At 118 (FIG. 1B), the method 100 increments the time window 702. For example, after a predetermined wait period, the MDAD 294 may increase the size of the time window 702 to include PET coincidence event data acquired by the detectors (e.g., 223, 225, 227, 229) subsequent to the subset 312 of PET coincidence event data and/or outside the initial time window 310. For example, the increased size of the time window corresponds to a larger subset of the PET coincidence data relative to the initial time window 310. The additional PET coincidence data, included in the larger subset, was acquired after the PET coincidence data in the subset 312. Additionally or alternatively, the MDAD 294 may reposition the time window 702 to include PET coincidence event data not included within the subset 312 and acquired after the subset 312. The repositioning of the time window may correlate to a change in patient positioning (e.g., couch position) relative to the field of view of the PET detector 200.

The predetermined wait period may be based on an amount of time needed by the PET imaging system 200 to acquire enough PET coincidence data to fill (e.g., based on the number of cells or count level of the PET list data 306) an updated subset 706 corresponding to the incremented time window 702. Additionally or alternatively, the predetermined wait period may be based on a selection by the clinician received by the MDAD 294 via the operator workstation 234.

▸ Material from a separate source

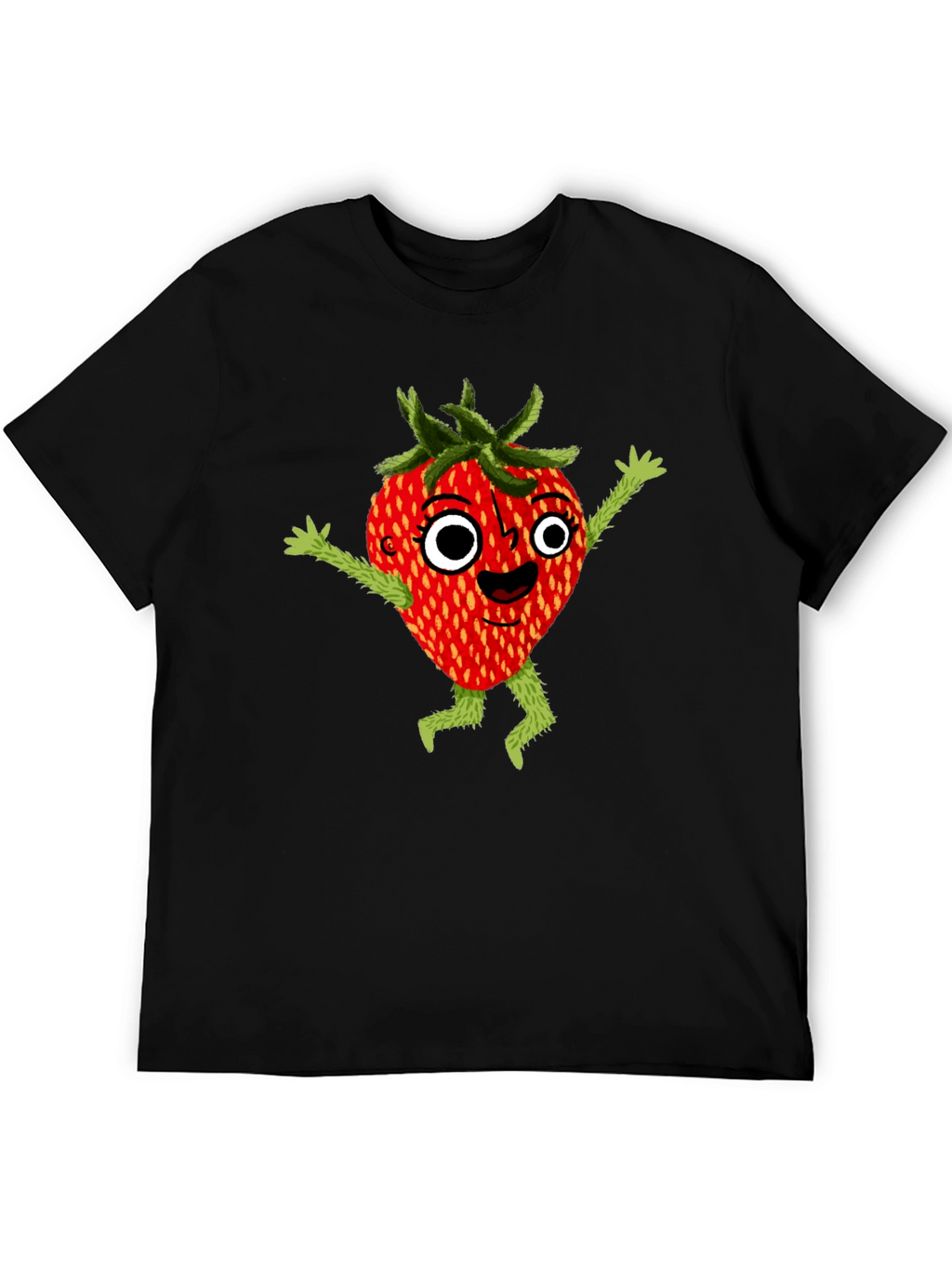 Whimsical Strawberry Cartoon Graphic T-Shirt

FIG. 7 is an illustration 700 of the PET list data 306 generated by the PET imaging system 200. The PET list data 306 in FIG. 7 includes additional PET coincidence event data acquired during the PET scan compared to the PET list data 306 shown in FIG. 3. For example, the PET list data 306 includes additional cells or count levels in the direction of the arrow 308 than the PET list data 306 shown in FIG. 3. The incremented time window 702 is shown adjacent (e.g., in relation to the PET list data 306) to the initial time window 310. It should be noted that in at least one embodiment the time window 702 is not adjacent to the initial time window 310. For example, a portion of the PET list data 306 may be interposed between and not within (e.g., not included in the subsets 312, 706) the incremented time window 702 and the initial time window 310.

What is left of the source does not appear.